LDL cholesterol is not a good marker of cardiovascular risk in Type 1 diabetes
Hero et al. Diabetic Medicine. Doi: 10.1111/dme.13007
People with type 1 diabetes (T1DM) frequently resent being lumped together with those who have the type 2 (T2DM) version. Children report being accused of bringing the condition upon themselves whilst adults are denied adequate access to testing strips, both on the basis that they have T2DM. This publication suggests that extrapolation of lipid targets from T2DM to T1DM may also be inappropriate. The authors followed a cohort of 30,778 patients with T1DM from 2003-06 until 2011 and examined the predictive value of LDL-cholesterol (LDL-C) and total/HDL-cholesterol (HDL-C) ratio for cardiovascular disease (CVD). They report that LDL-C is not a good predictor of CVD in this group and suggest that LDL-C targets should be revisited. Perhaps this shouldn’t be a surprise. It is well documented that patients with T1DM who do not develop nephropathy and, by virtue of this, are at low risk of CVD have elevated HDL-C levels. Indeed, they have a phenotype which is the exact opposite of that seen in T2DM; insulin sensitivity, normotension and low body weight. Why would anyone treat them in the same way?

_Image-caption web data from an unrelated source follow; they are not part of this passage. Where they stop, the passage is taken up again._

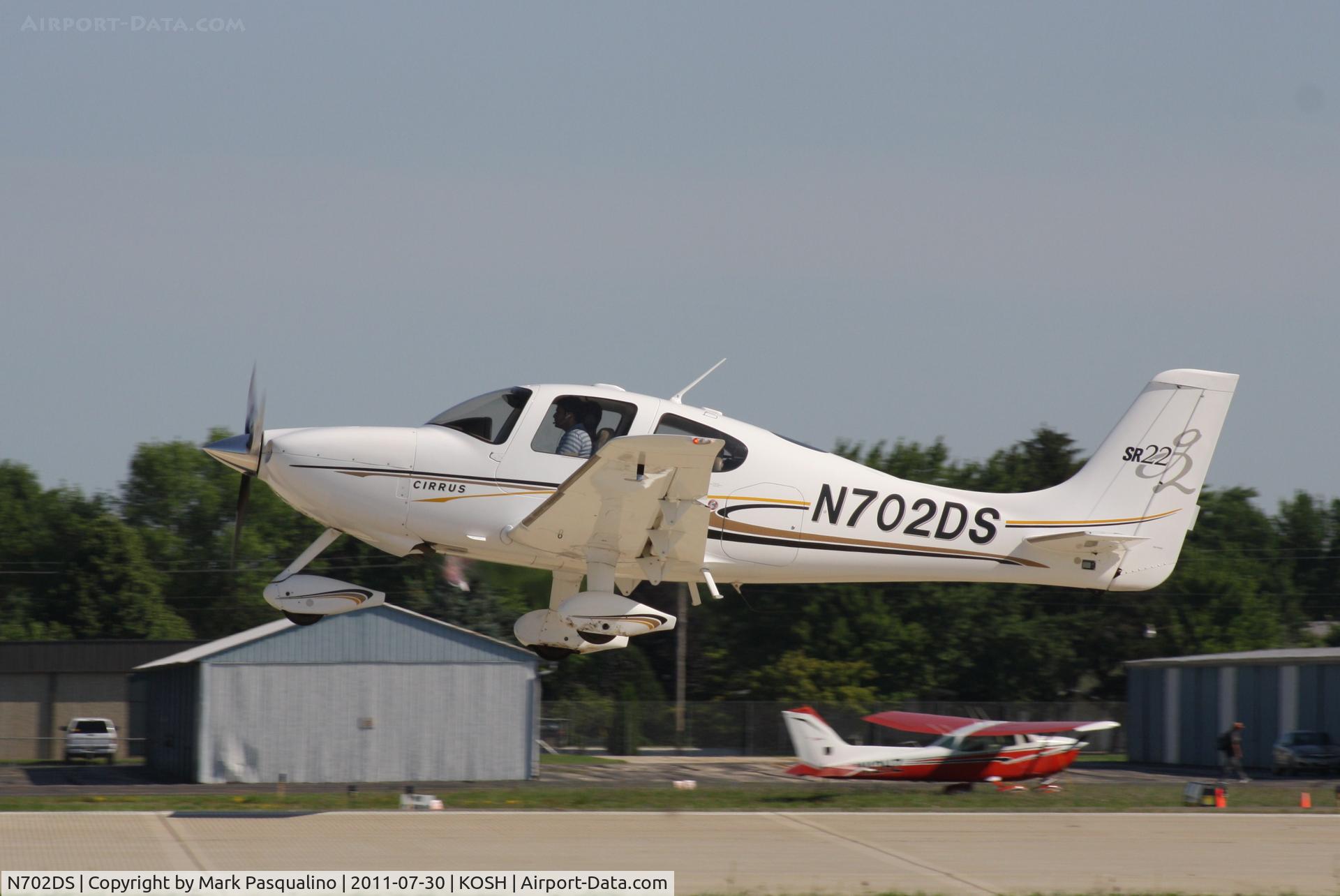 N702DS, 2004 Cirrus SR22 C/N 0989, Cirrus SR22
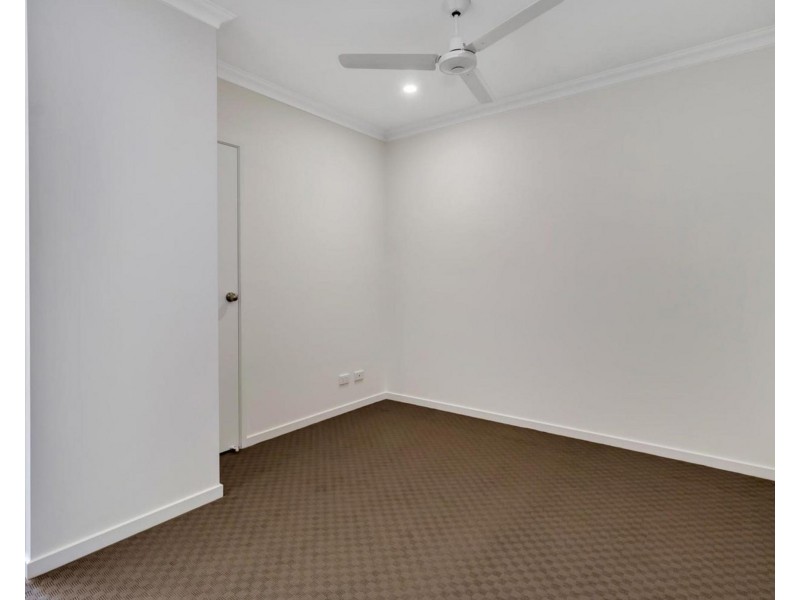 30/460 Pine Ridge Road, Coombabah QLD 4216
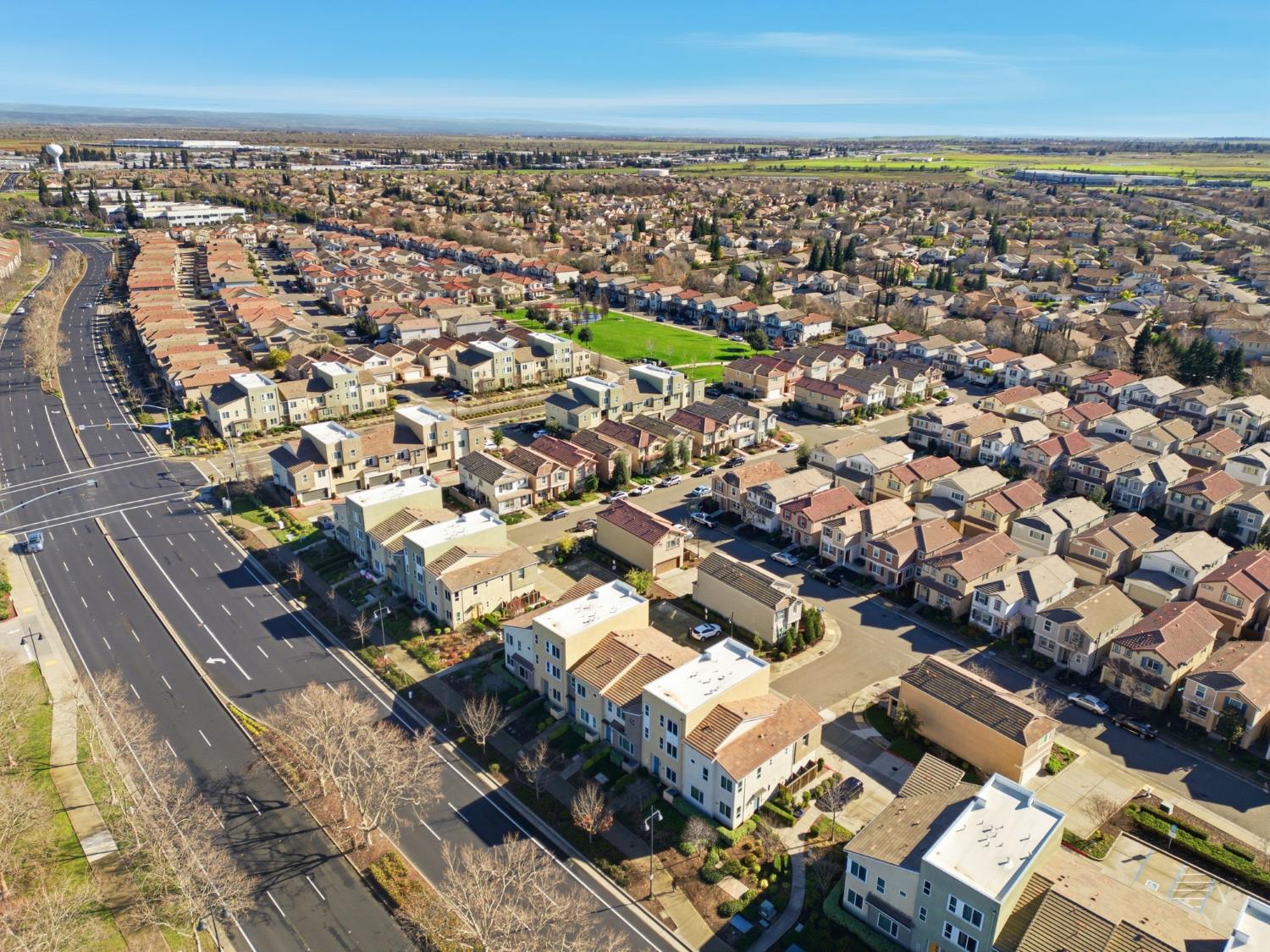 10946 International Drive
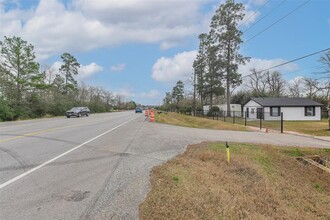 851 Beach Airport Rd in Conroe, TX - Building Photo - Building Photo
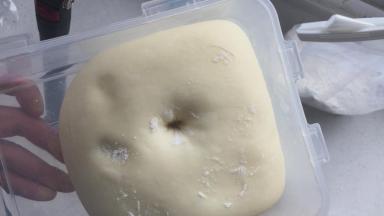 加保鲜膜放28度环境下发至两倍大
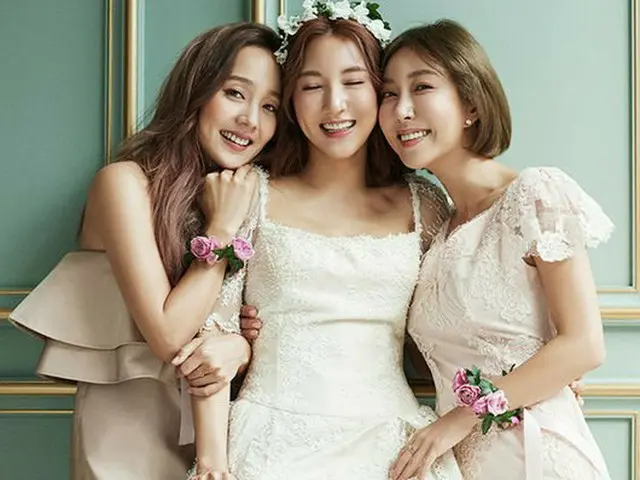SES, released pictures. Magazine ”ELLE”. Pada's wedding photograph with threepeople.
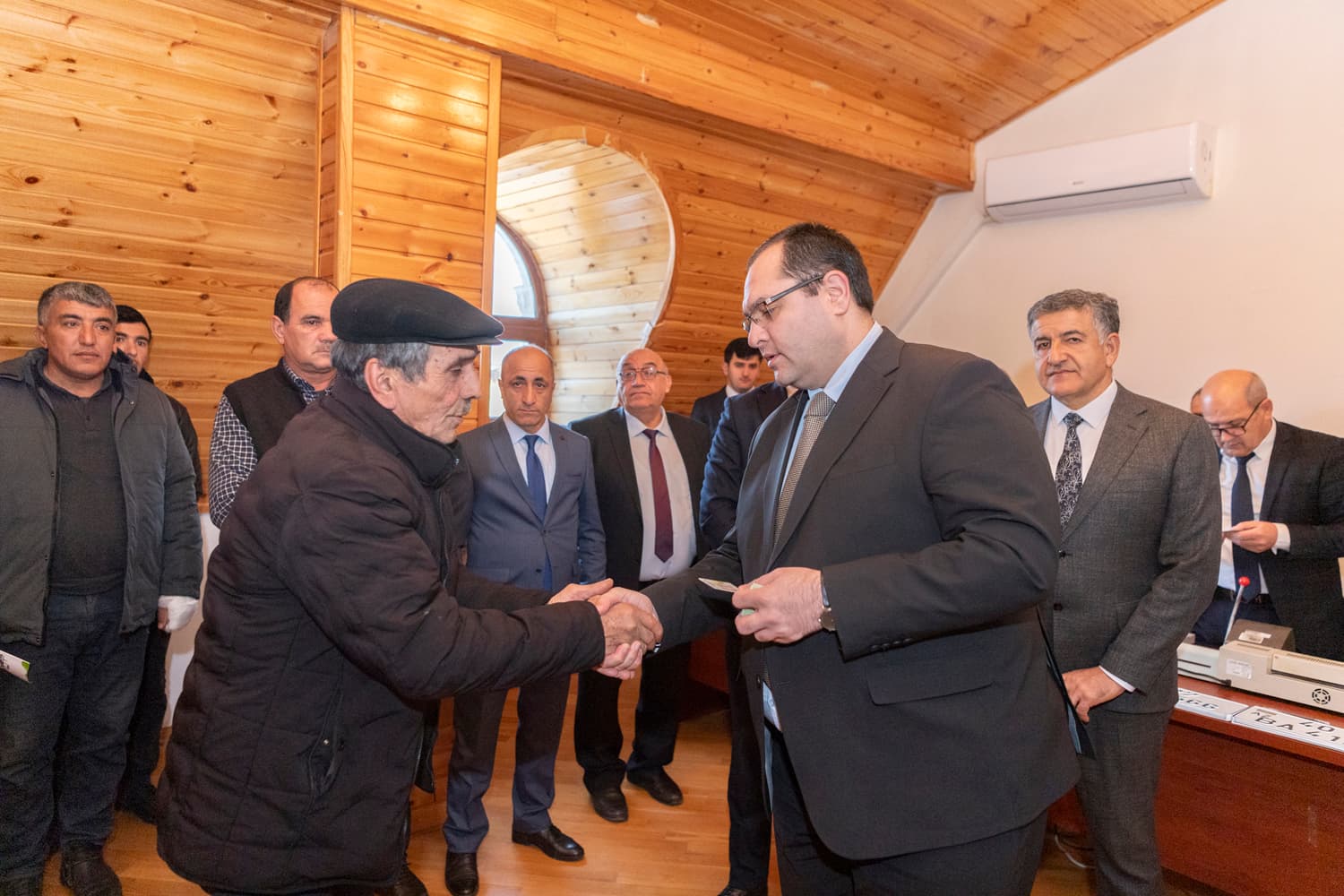 Nazir Məcnun Məmmədov Siyəzəndə vətəndaşları qəbul edib, fermerlərlə görüşüb
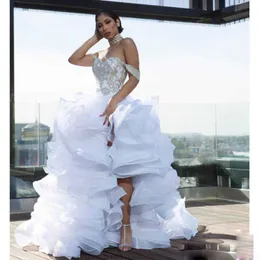 Off Axel Wedding Dresses ruffle kjol rygglös en linje brudklänningar applicerade split saudi arabiska anpassade bröllopsklänningar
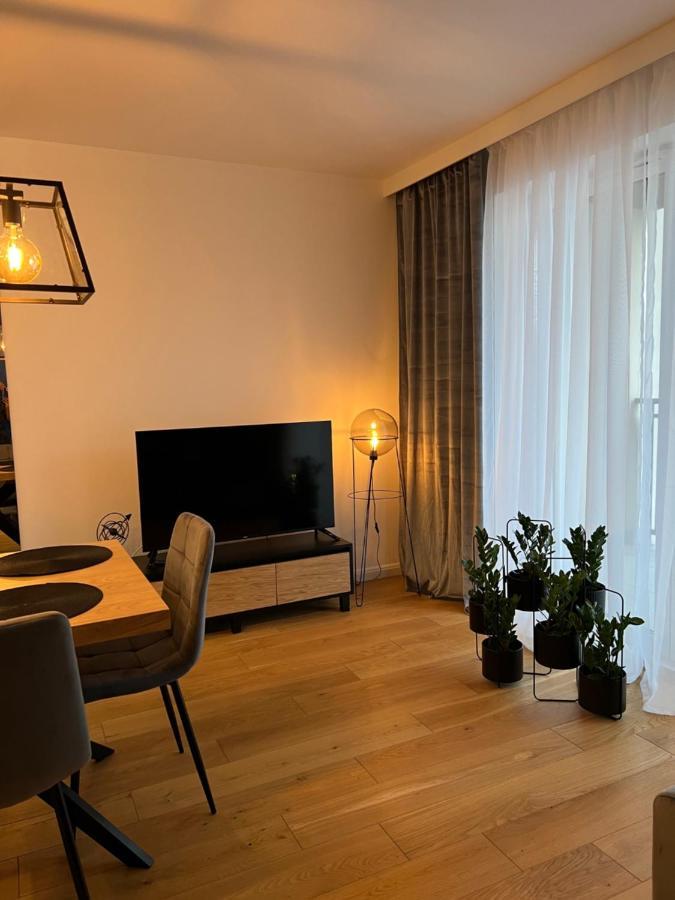 Family & Business Elegant Apartments: Kadzielnia Terrace With Garage Kielce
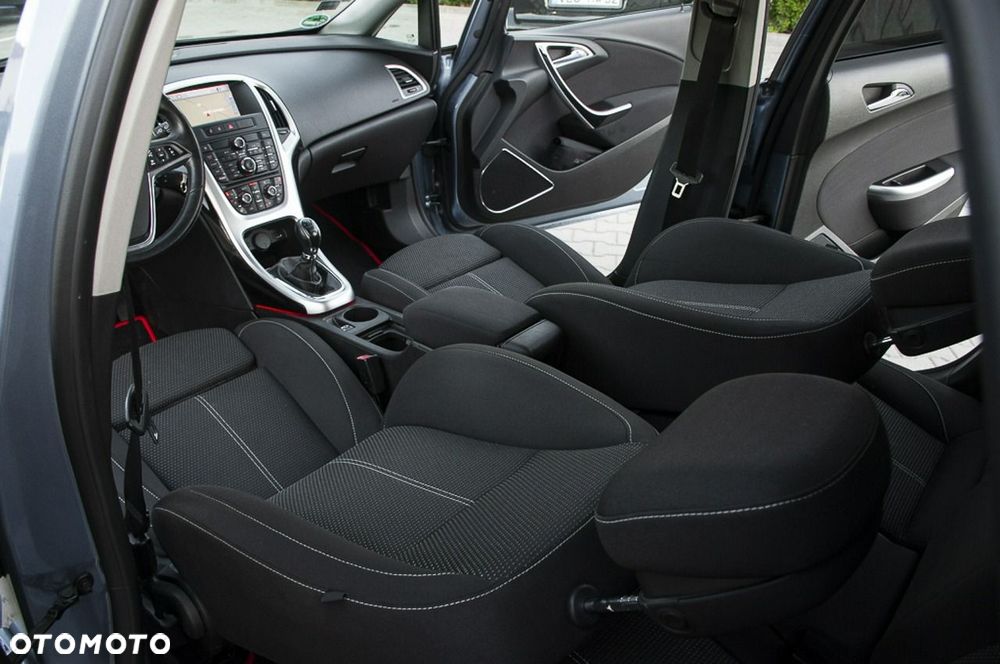 Opel Astra - 36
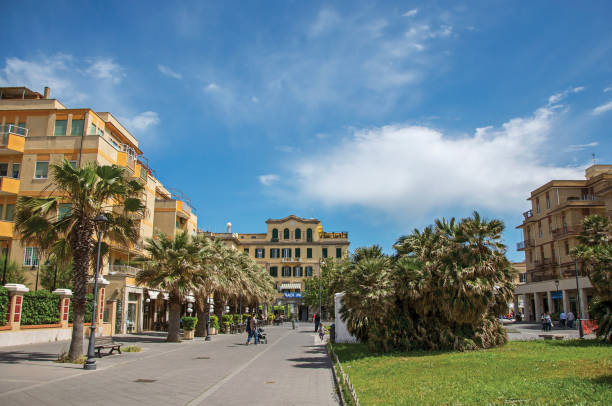 panoramica di un edificio in "piazza anco marzio", la piazza principale di ostia. - di marzio foto e immagini stock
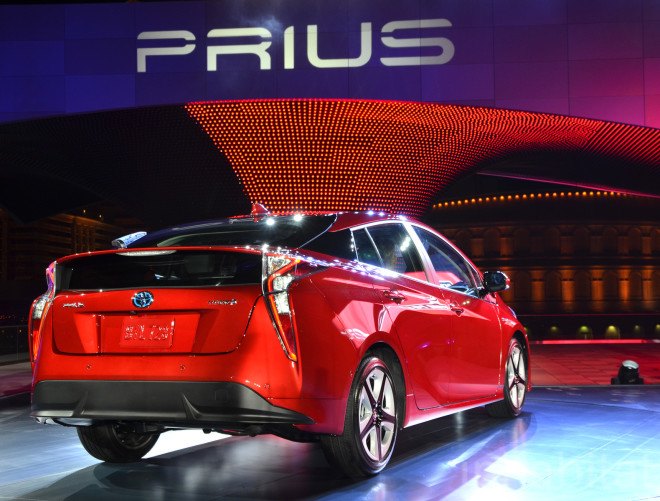 prius, 2016 prius, toyota prius, toyota, fourth-generation prius, 4th generation prius, 4th gen prius hybrid car, hybrid vehicle, hybrid, new prius, next-gen prius, redesigned prius, green cars, green transportation, sustainable transportation, green vehicles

Gastrointestinal actions of GLP-1 based therapies: glycaemic control beyond the pancreas
Mark M. Smits et al. Diabetes, Obesity and Metabolism. Doi: 10.1111/dom.12593
Glucagon‐like peptide‐1 (GLP‐1) lowers postprandial glucose levels by regulating pancreatic islet‐cell function, with stimulation of insulin (beta-cells) and suppression of glucagon secretion (alpha-cells). In addition, gastrointestinal (GI) actions of GLP‐1 may be as important for glucose‐lowering; GLP‐1 slows gastric emptying and small bowel motility, delaying glucose absorption and decreasing postprandial glucose excursions. Furthermore, GLP‐1 may stimulate hepatic glucose uptake, and suppresses hepatic glucose production. This article focusses on GLP‐1 receptor agonists (RAs), the class of anti-diabetic injectables which mimic the effects of GLP‐1 and highlights that individual agents have different impacts on pancreatic versus GI function. This provides a rationale for why GLP-RAs are still effective in long-standing diabetes with so-called ‘beta-cell exhaustion’. It also points to differences between human and small animal physiology, which has guided much of the drug development in this area (the effects in animal models are almost entirely islet-cell mediated). The article misses the opportunity to mention other GLP-1 effects – receptors are also located in the brain, heart and kidney – and the potential for their use in other conditions, Parkinson’s disease being an area of active research.